MACNEIL AUTOMOTIVE PRODUCTS,
LIMITED, AN ILLINOIS CORPORATION, PLAINTIFF,
v.
CANNON AUTOMOTIVE LIMITED, F/K/A
CANNON RUBBER LIMITED, AUTOMOTIVE DIVISION, A UNITED KINGDOM COMPANY, DEFENDANT.



The opinion of the court was delivered by: Judge Joan B. Gottschall

MEMORANDUM OPINION & ORDER

Before the court are MacNeil Automotive Products, Limited's ("MacNeil's") and Cannon Automotive Limited's ("Cannon's") objections to Magistrate Judge Arlander Keys' November 2, 2010 Report and Recommendation on MacNeil's motion for entry of default judgment due to spoliation of evidence. For the reasons set forth below, Cannon's objections are overruled, some of MacNeil's objections are overruled, while some are sustained, and Judge Keys' Report and Recommendation is adopted in part.

I. BACKGROUND

MacNeil brought this breach of contract action against Cannon alleging that Cannon supplied it with defective floor mats. For a more complete recitation of the underlying facts and history of the case, see the court's prior opinions. See, e.g., MacNeil Auto. Products Ltd. v. Cannon Auto. Ltd., No. 08 C 139, 2010 U.S. Dist. LEXIS 61001, at *1-6 (N.D. Ill.
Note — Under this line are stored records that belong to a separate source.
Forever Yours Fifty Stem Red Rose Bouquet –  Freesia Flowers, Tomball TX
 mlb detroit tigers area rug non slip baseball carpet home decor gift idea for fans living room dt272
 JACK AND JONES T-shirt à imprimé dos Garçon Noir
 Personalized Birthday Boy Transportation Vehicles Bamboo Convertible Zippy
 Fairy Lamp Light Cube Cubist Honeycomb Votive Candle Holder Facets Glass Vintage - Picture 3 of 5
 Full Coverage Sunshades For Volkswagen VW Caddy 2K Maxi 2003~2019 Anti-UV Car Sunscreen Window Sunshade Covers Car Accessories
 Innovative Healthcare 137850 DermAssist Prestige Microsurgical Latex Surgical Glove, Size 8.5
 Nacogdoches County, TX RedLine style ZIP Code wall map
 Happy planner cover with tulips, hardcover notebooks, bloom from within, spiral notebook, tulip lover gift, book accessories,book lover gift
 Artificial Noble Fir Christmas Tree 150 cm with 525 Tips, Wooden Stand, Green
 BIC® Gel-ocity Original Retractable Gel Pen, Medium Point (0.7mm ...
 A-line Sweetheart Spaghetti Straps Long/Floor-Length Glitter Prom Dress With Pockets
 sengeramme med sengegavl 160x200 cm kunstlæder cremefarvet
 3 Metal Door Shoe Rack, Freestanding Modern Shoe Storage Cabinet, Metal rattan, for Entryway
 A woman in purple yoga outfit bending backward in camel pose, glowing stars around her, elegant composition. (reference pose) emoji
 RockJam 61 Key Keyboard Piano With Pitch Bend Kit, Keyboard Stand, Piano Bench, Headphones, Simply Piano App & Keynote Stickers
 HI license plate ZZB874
Apr. 15, 2010).

As Judge Keys explained:

On April 6, 2010, MacNeil filed a motion for sanctions against Cannon, [(Doc. 129),] alleging that Cannon had violated [his] order dated March 10, 2010[, (Doc. 125)]. Pursuant to that order, [Cannon] was to provide, by April 5, 2010, the remainder of documents responsive to [MacNeil's] Second Set of Document Requests. [(Doc. 125.)] When the deadline arrived, however, MacNeil was not provided any documents. Instead, Cannon indicated on that date that it 'agree[d] to make its facilities and any documents and information therein available for inspection, review and copying by MacNeil.' (MacNeil's Mot. for Sanctions against Cannon Ex. 1, ECF No. 129-2.) The inspection was to take place at Cannon's facility located in London, England.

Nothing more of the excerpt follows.